Assignment: Copy out all the data, word for word.
####
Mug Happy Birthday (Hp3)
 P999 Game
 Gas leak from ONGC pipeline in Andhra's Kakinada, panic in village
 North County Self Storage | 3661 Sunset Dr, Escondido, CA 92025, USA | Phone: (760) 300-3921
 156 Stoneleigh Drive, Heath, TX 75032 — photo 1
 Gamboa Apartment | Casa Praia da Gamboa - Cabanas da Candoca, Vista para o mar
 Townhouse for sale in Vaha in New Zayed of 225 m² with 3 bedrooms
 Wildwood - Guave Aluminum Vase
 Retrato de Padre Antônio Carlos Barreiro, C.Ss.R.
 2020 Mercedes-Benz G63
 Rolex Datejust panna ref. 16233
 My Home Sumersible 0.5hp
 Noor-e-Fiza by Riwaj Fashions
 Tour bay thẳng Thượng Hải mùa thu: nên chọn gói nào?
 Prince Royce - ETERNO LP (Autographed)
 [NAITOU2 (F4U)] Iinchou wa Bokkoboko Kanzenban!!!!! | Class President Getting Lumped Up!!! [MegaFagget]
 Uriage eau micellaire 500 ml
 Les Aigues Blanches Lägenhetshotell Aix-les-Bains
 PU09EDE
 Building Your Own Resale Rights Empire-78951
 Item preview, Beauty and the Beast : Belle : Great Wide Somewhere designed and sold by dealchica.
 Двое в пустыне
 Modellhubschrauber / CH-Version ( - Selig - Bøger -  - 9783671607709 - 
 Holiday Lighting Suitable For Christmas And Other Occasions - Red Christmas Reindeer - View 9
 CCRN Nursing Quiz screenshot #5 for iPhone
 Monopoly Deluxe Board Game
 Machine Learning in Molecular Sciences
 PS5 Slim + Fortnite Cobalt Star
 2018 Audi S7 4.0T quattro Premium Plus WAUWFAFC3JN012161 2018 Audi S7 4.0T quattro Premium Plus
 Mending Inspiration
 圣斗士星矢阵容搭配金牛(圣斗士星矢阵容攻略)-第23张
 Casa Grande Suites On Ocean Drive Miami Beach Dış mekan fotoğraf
####
Solved problem:
Mug Happy Birthday (Hp3)
 P999 Game
 Gas leak from ONGC pipeline in Andhra's Kakinada, panic in village
 North County Self Storage | 3661 Sunset Dr, Escondido, CA 92025, USA | Phone: (760) 300-3921
 156 Stoneleigh Drive, Heath, TX 75032 — photo 1
 Gamboa Apartment | Casa Praia da Gamboa - Cabanas da Candoca, Vista para o mar
 Townhouse for sale in Vaha in New Zayed of 225 m² with 3 bedrooms
 Wildwood - Guave Aluminum Vase
 Retrato de Padre Antônio Carlos Barreiro, C.Ss.R.
 2020 Mercedes-Benz G63
 Rolex Datejust panna ref. 16233
 My Home Sumersible 0.5hp
 Noor-e-Fiza by Riwaj Fashions
 Tour bay thẳng Thượng Hải mùa thu: nên chọn gói nào?
 Prince Royce - ETERNO LP (Autographed)
 [NAITOU2 (F4U)] Iinchou wa Bokkoboko Kanzenban!!!!! | Class President Getting Lumped Up!!! [MegaFagget]
 Uriage eau micellaire 500 ml
 Les Aigues Blanches Lägenhetshotell Aix-les-Bains
 PU09EDE
 Building Your Own Resale Rights Empire-78951
 Item preview, Beauty and the Beast : Belle : Great Wide Somewhere designed and sold by dealchica.
 Двое в пустыне
 Modellhubschrauber / CH-Version ( - Selig - Bøger -  - 9783671607709 - 
 Holiday Lighting Suitable For Christmas And Other Occasions - Red Christmas Reindeer - View 9
 CCRN Nursing Quiz screenshot #5 for iPhone
 Monopoly Deluxe Board Game
 Machine Learning in Molecular Sciences
 PS5 Slim + Fortnite Cobalt Star
 2018 Audi S7 4.0T quattro Premium Plus WAUWFAFC3JN012161 2018 Audi S7 4.0T quattro Premium Plus
 Mending Inspiration
 圣斗士星矢阵容搭配金牛(圣斗士星矢阵容攻略)-第23张
 Casa Grande Suites On Ocean Drive Miami Beach Dış mekan fotoğraf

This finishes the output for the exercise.